Globalización: ¿Quién dijo no?
columna: «un vaso de agua»
Múltiples y sorpresivos fueron los entusiasmados con los motines callejeros en Seattle el pasado mes de diciembre. Los sindicatos y organizaciones no gubernamentales (ONGs), que fastidiaron la última reunión de la Organización Mundial del Comercio (OMC), produjeron comentarios y primeras planas donde nos revelaban la alegoría del Bien contra el Mal, de los pobres contra los ricos, de los pueblos del mundo contra sus gobiernos dictatoriales. El Sur contra el Norte.

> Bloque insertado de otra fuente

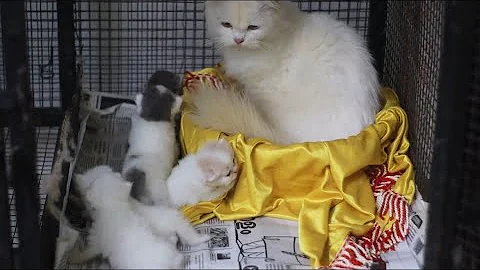 Video 6340811: russian blue persian kitten, russian blue persian cat, home pets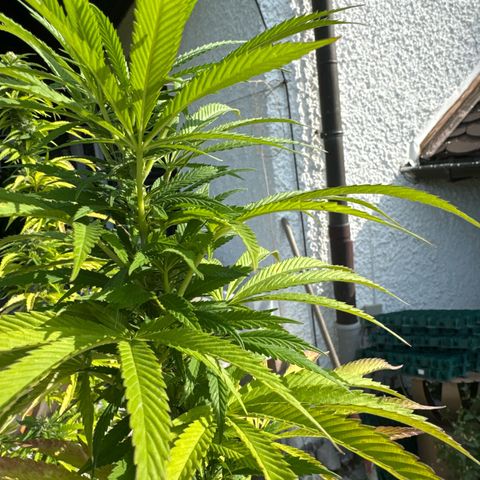 Northern Lights growlog timeline photo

El más notorio de los comentaristas fue un premio Nobel de literatura, José Saramago, que vio cuanto dictó la fantasía descabellada de algunos medios informativos y hasta globalización de los güevos encontró. Un nuevo Mayo parisino, una revuelta de los que han dicho basta y han echado a andar... ¿Fue así? Se pueden hacer algunas preguntas a los entusiastas de Seattle: ¿Cuántas organizaciones obreras portuguesas estuvieron peleando en las calles de Seattle contra el comercio mundial? ¿Cuántos obreros portugueses —desempleados hasta que una empresa de capital internacional abrió sus puertas en el pueblo vecino— aplaudirían a su premio Nobel si dicha empresa, convencida por la fuerza de los argumentos escritos en las pancartas, cerrara sus puertas, dejándolos de nuevo en el desempleo? ¿Cuántos pobres de México estuvieron en Seattle? ¿Cuántos apoyarían el NO a la globalización? ¿Cuántos obreros mexicanos de Ford, Nissan y Volkswagen, cuántas empleadas de McDonald's estuvieron gritando consignas contra sus empresas?
Los datos crudos
En Seattle no ocurrió ninguna revuelta anticapitalista, allí tuvo lugar la defensa del acaudalado sindicalismo estadunidense. Los militantes de la AFL-CIO, la central sindical más poderosa de Estados Unidos, llevaron el tambor y lanzaron las consignas. Lo cual es muy distinto a que el pueblo de Estados Unidos, el país donde se ubican las casas matrices de tanta transnacional, esté contra el comercio global. No están contra el de ellos. A ninguno se le ocurriría pedir el cierre de las sucursales McDonald's en Guadalajara o en Pekín. Los sindicalistas en Estados Unidos sólo ven riesgo y salen a las calles cuando las armadoras de automóviles se instalan en el norte de México, cuando la producción mexicana de computadoras resulta competitiva. Pero sería políticamente incorrecto decirlo así llanamente, aparecer como el obrero gordo que no desea compartir un plato de sopa con el hambriento. Así que se desgarran farisaicas vestiduras en defensa del obrero mexicano, a quien las industrias de allá pagarán menos aquí, y concederán menos prestaciones al mexicano que al estadunidense.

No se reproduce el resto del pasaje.